━━━━━ Exercise data

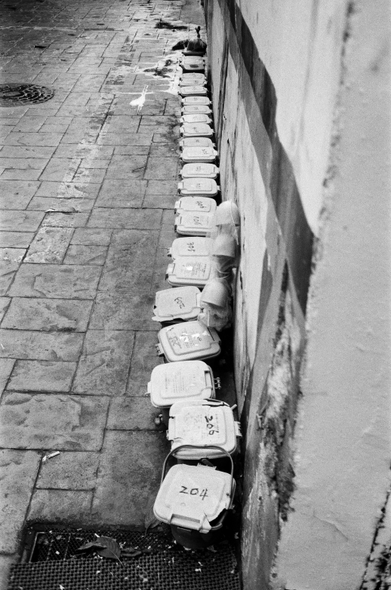 주택가 담벼락을 따라 작은 음식물쓰레기 통이 일렬로 길게 늘어서있다.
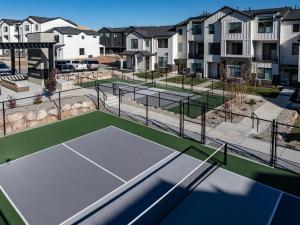a tennis court with two tennis courts at Wasatch Peak Chateau Ro3, Pool, Hot Tub in Mountain Green
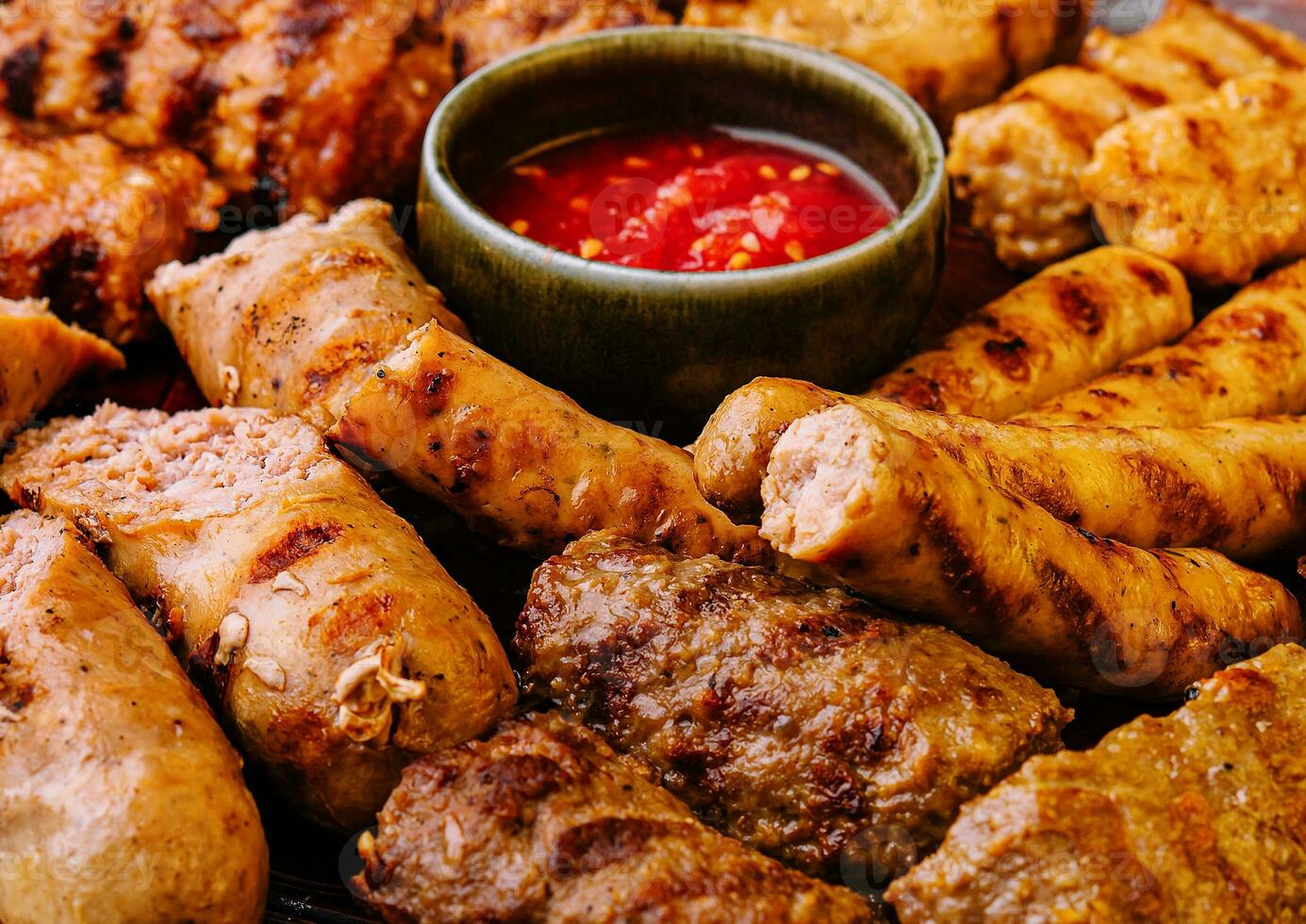 assorted barbecue of meat rolls or mici photo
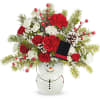 Holiday bouquet in a snowman vase with red and white flowers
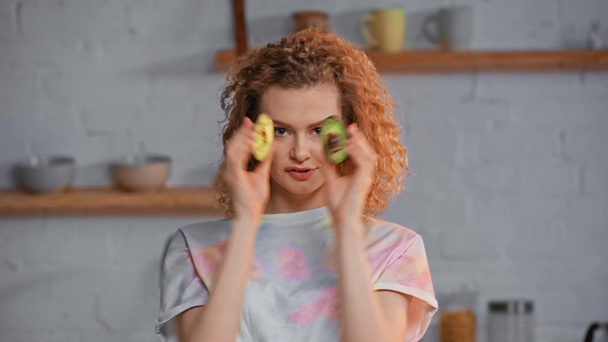 glimlachend meisje steken uit tong terwijl het houden van stukken van avocado  - Video
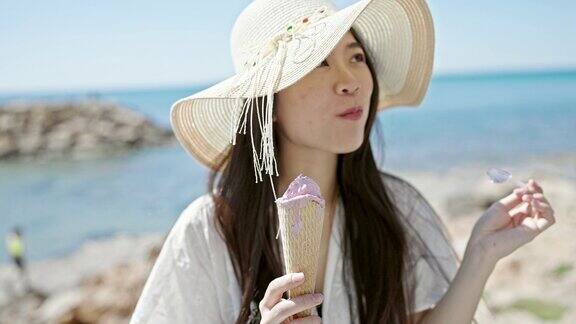 年轻的中国女游客微笑着自信地在海边吃冰淇淋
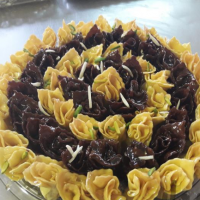 تولیدیه باقلوا گل اناروهفت مغز به صورت عمده در نجف اباد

━━━━━━━━━━

* What this task involves
Leave out the images and copy all remaining data word for word.

* Exercise output
 주택가 담벼락을 따라 작은 음식물쓰레기 통이 일렬로 길게 늘어서있다.
a tennis court with two tennis courts at Wasatch Peak Chateau Ro3, Pool, Hot Tub in Mountain Green
 assorted barbecue of meat rolls or mici photo
 Holiday bouquet in a snowman vase with red and white flowers
 glimlachend meisje steken uit tong terwijl het houden van stukken van avocado  - Video
 年轻的中国女游客微笑着自信地在海边吃冰淇淋
 تولیدیه باقلوا گل اناروهفت مغز به صورت عمده در نجف اباد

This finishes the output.